The Lenin in Henichesk is not hidden in a memorial; it is flaunted in the public square. The city was quickly occupied in Putin’s expanded invasion of Ukraine. According to the most recent available information, Mayor Tulupov and his staff resigned. The current head of the city is Andrei Kolochko, who was from the same (pro-Russian) party as Tulupov, and it is unclear how exactly he was “appointed” or by whom (though one suspects that Russian officials were not bystanders). Last week a man named Oleg Slysarenko gave an interview to a Russian-language propaganda outlet. He is reportedly a resident of Crimea and a former activist in Viktor Medvedchuk’s political movement “Ukrainian Choice,” and he is wanted for treason in Ukraine for helping to organize the 2014 “independence referendum” in Crimea that set up the Russian annexation. Now he is presenting himself as a “representative of the Henichesk mayor’s office.” 

During the interview he boasted that work on destruction of Ukrainian independence symbols had commenced: “It is a matter of time—there will be no [Ukrainian] flags, no architectural forms, all these tridents will melt away from where they are posted. Don’t forget that in the southeast [of Ukraine] they hung all this up because they wanted to prove to everyone that ‘this is Ukraine.’” (The trident is the Ukrainian national symbol.) It is likely that Slysarenko or one of his allies are behind the reappearance of Lenin in Henichesk, not to make any statement about Marxism-Leninism, but to “put things back the way they were” where Lenin was on his pedestal, the power was in Moscow, and people like him were in charge in Ukraine. 

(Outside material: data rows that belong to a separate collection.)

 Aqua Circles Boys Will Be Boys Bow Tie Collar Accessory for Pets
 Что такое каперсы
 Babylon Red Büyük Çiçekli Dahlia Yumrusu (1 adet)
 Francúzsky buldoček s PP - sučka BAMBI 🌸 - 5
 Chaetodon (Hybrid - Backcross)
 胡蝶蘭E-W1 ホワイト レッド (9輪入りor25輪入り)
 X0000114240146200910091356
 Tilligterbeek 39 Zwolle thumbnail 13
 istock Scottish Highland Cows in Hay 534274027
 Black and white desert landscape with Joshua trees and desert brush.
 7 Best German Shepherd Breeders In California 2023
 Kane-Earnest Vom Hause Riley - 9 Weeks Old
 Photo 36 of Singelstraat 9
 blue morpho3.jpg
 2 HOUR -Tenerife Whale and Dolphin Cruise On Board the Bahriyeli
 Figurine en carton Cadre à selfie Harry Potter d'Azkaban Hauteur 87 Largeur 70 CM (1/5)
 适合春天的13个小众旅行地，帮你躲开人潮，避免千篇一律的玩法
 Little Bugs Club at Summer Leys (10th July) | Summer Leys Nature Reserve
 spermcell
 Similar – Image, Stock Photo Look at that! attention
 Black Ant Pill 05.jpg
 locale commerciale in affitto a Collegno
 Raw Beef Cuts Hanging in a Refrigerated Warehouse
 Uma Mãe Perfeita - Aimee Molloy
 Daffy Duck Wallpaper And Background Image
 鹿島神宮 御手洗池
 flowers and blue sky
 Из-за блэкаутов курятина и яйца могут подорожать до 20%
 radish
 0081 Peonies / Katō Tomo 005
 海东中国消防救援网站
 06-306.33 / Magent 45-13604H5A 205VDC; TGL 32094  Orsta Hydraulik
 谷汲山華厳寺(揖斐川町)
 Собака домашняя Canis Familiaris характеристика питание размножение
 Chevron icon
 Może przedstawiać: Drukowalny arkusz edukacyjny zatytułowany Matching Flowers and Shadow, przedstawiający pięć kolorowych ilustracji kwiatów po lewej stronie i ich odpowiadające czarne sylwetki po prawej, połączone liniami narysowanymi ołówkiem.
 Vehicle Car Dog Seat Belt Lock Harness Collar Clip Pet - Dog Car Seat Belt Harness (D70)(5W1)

 No Stalin monuments have re-appeared under Russian occupation, but this Lenin in Henichesk probably won’t be the last one to reappear as long as Russian troops are occupying part of Ukraine. The small-scale tyrants will put them back up to show that their power is back, at least in the areas occupied by Russian troops. While it is possible that Putin harbors some desire to knock down Lenin monuments in Russia (after careful polling of course), I am not going to wager on that ever happening. Putin has presided over the unveiling of a monument commemorating Soviet repression, but he also has called the collapse of the USSR the “greatest geopolitical catastrophe of the century” and has put up at least two monuments to the long-time KGB head and Soviet Premier Yuri Andropov. He may have a problem with Lenin, but he is a product and a beneficiary of Lenin’s creation. In the Soviet world that Putin grew up in, Lenin was ubiquitous. In the post-Soviet world that he rules, Lenin is almost as ubiquitous. But in the post-Putin country of free Ukraine, Lenin is gone. So, he must be restored. 

Putin made a kind of threat/joke about Ukraine removing Soviet symbols during that same Feb 21 speech:

“Soviet Ukraine is the result of the Bolsheviks’ policy and can be rightfully called “Vladimir Lenin’s Ukraine.”… And today the “grateful progeny” has overturned monuments to Lenin in Ukraine. They call it decommunization.

You want decommunization? Very well, this suits us just fine. But why stop halfway? We are ready to show what real decommunizations would mean for Ukraine.”

Putin’s joke/syllogism/threat goes like this: Ukraine’s existence is a product of the USSR. My power, the power of the Soviet secret police boss and the communist elite, is also a product of the USSR. If you reject the Soviet legacy of my power, I shall reject the “Soviet legacy” of Ukraine’s existence.